A: Mastermind allows you to search for evidence pertaining to known fusion pairs (NPM1 and ALK, for instance) using multi-parameter gene searching with “and” operator in addition to the “fusion” category of keywords. Later versions of Mastermind will allow for more flexible kayotype searching to uncover translocations and inversions leading to gene fusion events in a similar way as was illustrated for CNVs.
Q: Many users will be used to viewing a histogram for these SV, however the user interface seems to mirror searches for SNVs, is it possible to restructure the viewing panel according to a log scale histogram, with bars linking to relevant papers, as analysts may feel more comfortable with this format?
A: Yes. A conventional type of data visualization is planned for a future Mastermind release that will be more similar to the type of plot you describe.
Q: Can you search for HLA alleles including the HLA nomenclature for a high res. HLA NGS data. Including specific phenotypes.
A: We do not currently index the HLA nomenclatures for use in the context of tissue typing.
Q: Does the Mastermind CNV tool capture those CNVs from the large scale cancer genomics projects?
A: If the results of these CNV studies are described in the full-text, the answer is yes, they are captured in Mastermind. We are in the process of adding the supplemental data to our CNV indexing process as well. Please contact us at firstname.lastname@example.org to bring to our attention any that are noted to NOT be captured so that we can address.
Q: Can I search for both losses and gains in one search?
A: Yes. Multiparameter searching for more than one CNV at a time is available including searching simultaneously for gain and loss of the same chromosomal element or region.
Q: Can you filter CNV search results by phenotype?
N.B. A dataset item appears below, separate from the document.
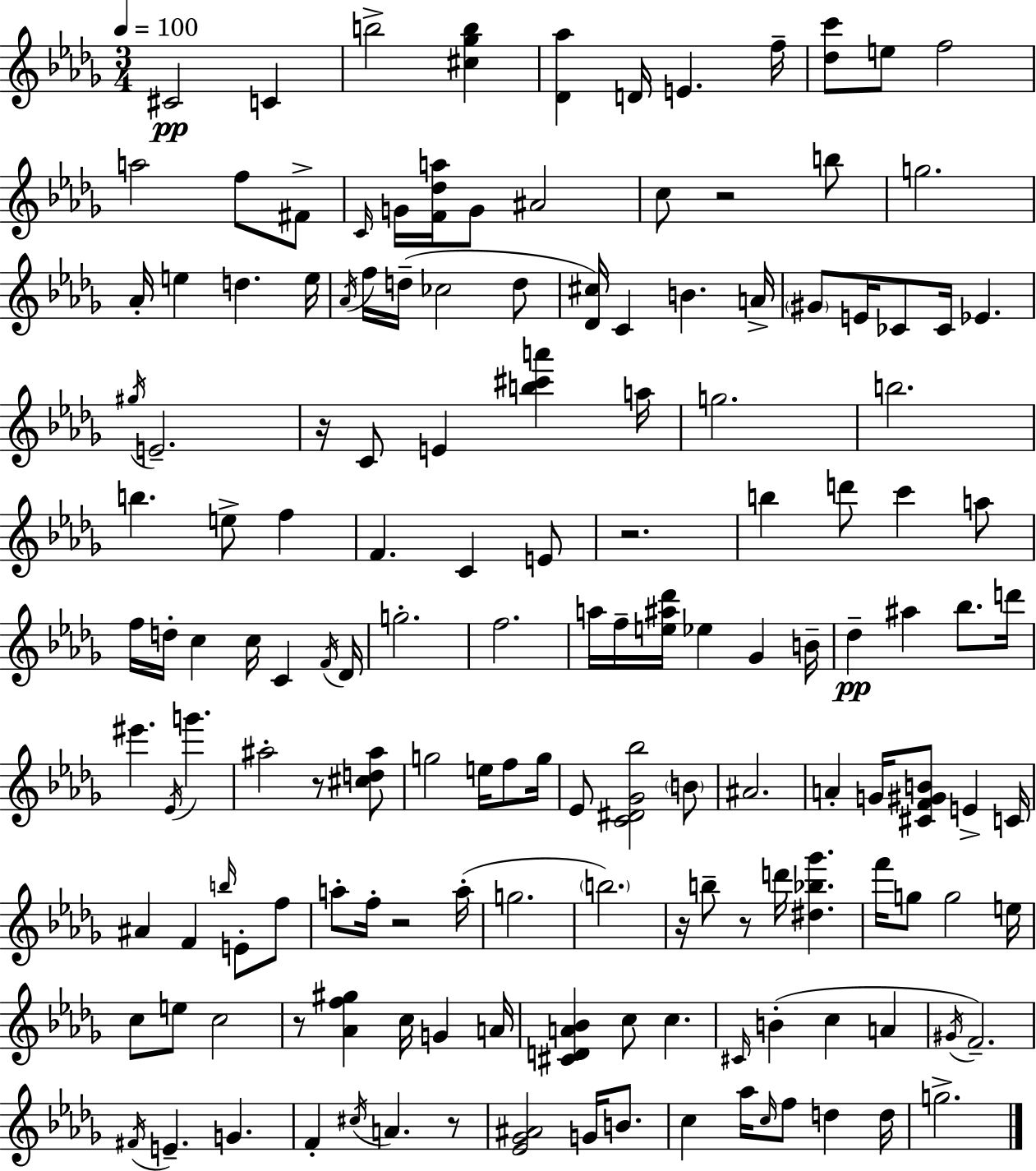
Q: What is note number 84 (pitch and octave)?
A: E4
A: Yes, and indeed this is the recommended search strategy for instance when using Mastermind to uncover the most relevant evidence for chromosomal microarray results.
Q: Does MM take HPO term as an input for phenotype search? If the answer is no, can chance of adding this capability?
A: Yes. Phenotypes including HPO terms can be used as search parameters for filtering and prioritization.
ABOUT THE SPEAKERS:
Dr. Mark Kiel, Chief Science Officer – Genomenon
Mark Kiel completed his MD Ph.D. and Molecular Genetic Pathology Fellowship at the University of Michigan, where his research focused on stem cell biology, genomic profiling of hematopoietic malignancies, and clinical bioinformatics. He is the founder and CSO of Genomenon, where he supervises the scientific direction of the Mastermind suite of software tools.
Steve Schwartz, Chief Technology Officer – Genomenon
Steve is the CTO of Genomenon and key developer of the Mastermind technology. Steve is an engineer, developer, and open source software enthusiast. He co-founded several successful web-based software start-ups and brings deep domain expertise and extensive experience to the team.